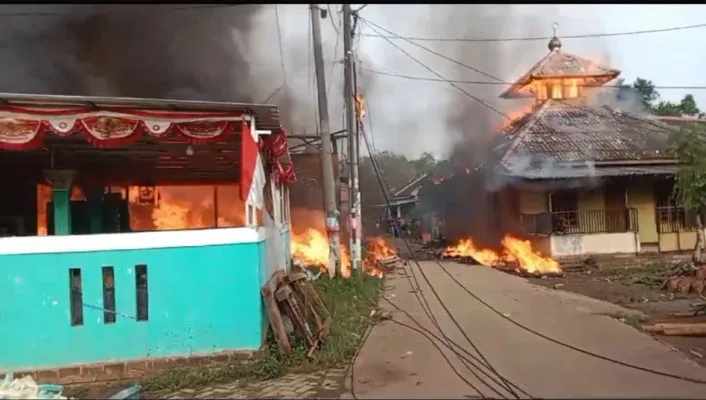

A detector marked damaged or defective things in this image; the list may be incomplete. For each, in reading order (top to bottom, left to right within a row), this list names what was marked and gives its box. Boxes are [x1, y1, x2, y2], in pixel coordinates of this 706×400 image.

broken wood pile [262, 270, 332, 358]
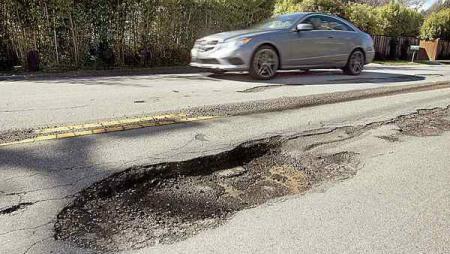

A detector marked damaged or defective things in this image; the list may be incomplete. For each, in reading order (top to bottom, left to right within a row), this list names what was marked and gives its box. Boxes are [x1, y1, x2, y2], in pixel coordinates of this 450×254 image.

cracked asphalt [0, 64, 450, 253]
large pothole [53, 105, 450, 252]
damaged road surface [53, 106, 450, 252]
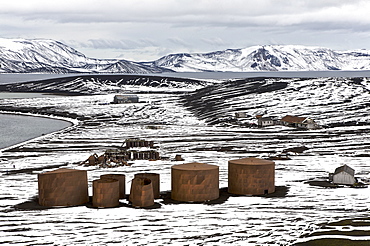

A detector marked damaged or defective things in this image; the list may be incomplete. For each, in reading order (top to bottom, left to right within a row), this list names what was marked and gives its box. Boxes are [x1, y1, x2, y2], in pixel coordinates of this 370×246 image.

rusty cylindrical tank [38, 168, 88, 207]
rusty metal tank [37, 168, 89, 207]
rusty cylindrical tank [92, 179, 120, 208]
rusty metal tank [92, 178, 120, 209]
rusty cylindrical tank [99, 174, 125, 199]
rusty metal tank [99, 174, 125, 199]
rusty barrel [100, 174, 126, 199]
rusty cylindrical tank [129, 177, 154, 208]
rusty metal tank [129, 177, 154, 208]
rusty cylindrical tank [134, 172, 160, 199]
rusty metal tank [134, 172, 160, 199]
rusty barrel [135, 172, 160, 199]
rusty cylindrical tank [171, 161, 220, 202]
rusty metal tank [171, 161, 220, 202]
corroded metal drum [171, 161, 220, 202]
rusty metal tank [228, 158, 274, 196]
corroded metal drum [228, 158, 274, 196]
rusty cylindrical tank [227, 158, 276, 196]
•••••
■ WORK ITEM
Extract only the lines from the one that contains "this 450×254 image." through the end of the records, inclusive, and omit every picture.

■ ANSWER TO THIS EXERCISE
A detector marked damaged or defective things in this image; the list may be incomplete. For each, in reading order (top to bottom, left to right within a row), this list names what was marked and gives its box. Boxes are [x1, y1, x2, y2], in pixel coordinates of this 450×254 image.

cracked asphalt [0, 64, 450, 253]
large pothole [53, 105, 450, 252]
damaged road surface [53, 106, 450, 252]

A detector marked damaged or defective things in this image; the list may be incomplete. For each, in reading order (top to bottom, left to right within a row), this list names what was marked and gives its box. Boxes are [x1, y1, x2, y2], in pixel coordinates of this 370×246 image.

rusty cylindrical tank [38, 168, 88, 207]
rusty metal tank [37, 168, 89, 207]
rusty cylindrical tank [92, 179, 120, 208]
rusty metal tank [92, 178, 120, 209]
rusty cylindrical tank [99, 174, 125, 199]
rusty metal tank [99, 174, 125, 199]
rusty barrel [100, 174, 126, 199]
rusty cylindrical tank [129, 177, 154, 208]
rusty metal tank [129, 177, 154, 208]
rusty cylindrical tank [134, 172, 160, 199]
rusty metal tank [134, 172, 160, 199]
rusty barrel [135, 172, 160, 199]
rusty cylindrical tank [171, 161, 220, 202]
rusty metal tank [171, 161, 220, 202]
corroded metal drum [171, 161, 220, 202]
rusty metal tank [228, 158, 274, 196]
corroded metal drum [228, 158, 274, 196]
rusty cylindrical tank [227, 158, 276, 196]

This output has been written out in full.